Collected data:

—————

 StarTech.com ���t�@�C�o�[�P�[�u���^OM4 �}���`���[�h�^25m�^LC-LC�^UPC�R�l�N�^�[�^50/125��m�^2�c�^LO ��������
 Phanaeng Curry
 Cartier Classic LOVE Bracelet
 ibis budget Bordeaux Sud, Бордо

—————

Task goal: Extract each line from the listing above, please, and repeat it exactly.

Task solution:
 StarTech.com ���t�@�C�o�[�P�[�u���^OM4 �}���`���[�h�^25m�^LC-LC�^UPC�R�l�N�^�[�^50/125��m�^2�c�^LO ��������
 Phanaeng Curry
 Cartier Classic LOVE Bracelet
 ibis budget Bordeaux Sud, Бордо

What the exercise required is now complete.